**The task:**
Lines before the one containing "Coffee Pitcher Glass" are left out; that line and all after it, through the end of the records, must be transcribed exactly.
Segment Open
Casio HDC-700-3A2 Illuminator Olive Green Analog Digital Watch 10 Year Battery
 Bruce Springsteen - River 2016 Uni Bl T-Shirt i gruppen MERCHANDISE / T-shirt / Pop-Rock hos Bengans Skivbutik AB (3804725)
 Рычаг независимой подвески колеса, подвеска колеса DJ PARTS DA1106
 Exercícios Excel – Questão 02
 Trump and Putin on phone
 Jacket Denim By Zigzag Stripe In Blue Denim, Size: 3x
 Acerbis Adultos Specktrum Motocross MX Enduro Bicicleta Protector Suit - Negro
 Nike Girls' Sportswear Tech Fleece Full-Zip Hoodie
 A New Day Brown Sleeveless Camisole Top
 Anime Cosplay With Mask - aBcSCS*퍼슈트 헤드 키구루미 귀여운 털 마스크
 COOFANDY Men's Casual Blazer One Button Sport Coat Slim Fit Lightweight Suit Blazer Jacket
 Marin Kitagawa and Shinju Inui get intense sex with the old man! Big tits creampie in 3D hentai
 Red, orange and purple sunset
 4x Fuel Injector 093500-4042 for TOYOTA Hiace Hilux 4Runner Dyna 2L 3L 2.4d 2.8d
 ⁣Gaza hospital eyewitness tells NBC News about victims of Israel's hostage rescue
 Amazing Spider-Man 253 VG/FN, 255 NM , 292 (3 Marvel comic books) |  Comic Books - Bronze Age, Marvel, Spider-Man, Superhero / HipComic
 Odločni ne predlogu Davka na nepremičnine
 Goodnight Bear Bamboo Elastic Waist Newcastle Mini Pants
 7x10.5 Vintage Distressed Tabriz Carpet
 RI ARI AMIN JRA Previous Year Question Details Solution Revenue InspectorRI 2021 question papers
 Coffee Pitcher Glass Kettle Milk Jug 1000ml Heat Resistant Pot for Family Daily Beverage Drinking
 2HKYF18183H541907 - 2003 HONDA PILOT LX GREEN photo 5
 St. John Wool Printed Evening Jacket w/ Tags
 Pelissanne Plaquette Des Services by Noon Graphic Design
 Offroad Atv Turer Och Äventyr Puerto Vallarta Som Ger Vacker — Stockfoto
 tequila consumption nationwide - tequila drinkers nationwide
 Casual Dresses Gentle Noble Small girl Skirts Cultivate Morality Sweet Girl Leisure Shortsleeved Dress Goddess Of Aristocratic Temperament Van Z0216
Segment Closed
**Solution to this problem:**
 Coffee Pitcher Glass Kettle Milk Jug 1000ml Heat Resistant Pot for Family Daily Beverage Drinking
 2HKYF18183H541907 - 2003 HONDA PILOT LX GREEN photo 5
 St. John Wool Printed Evening Jacket w/ Tags
 Pelissanne Plaquette Des Services by Noon Graphic Design
 Offroad Atv Turer Och Äventyr Puerto Vallarta Som Ger Vacker — Stockfoto
 tequila consumption nationwide - tequila drinkers nationwide
 Casual Dresses Gentle Noble Small girl Skirts Cultivate Morality Sweet Girl Leisure Shortsleeved Dress Goddess Of Aristocratic Temperament Van Z0216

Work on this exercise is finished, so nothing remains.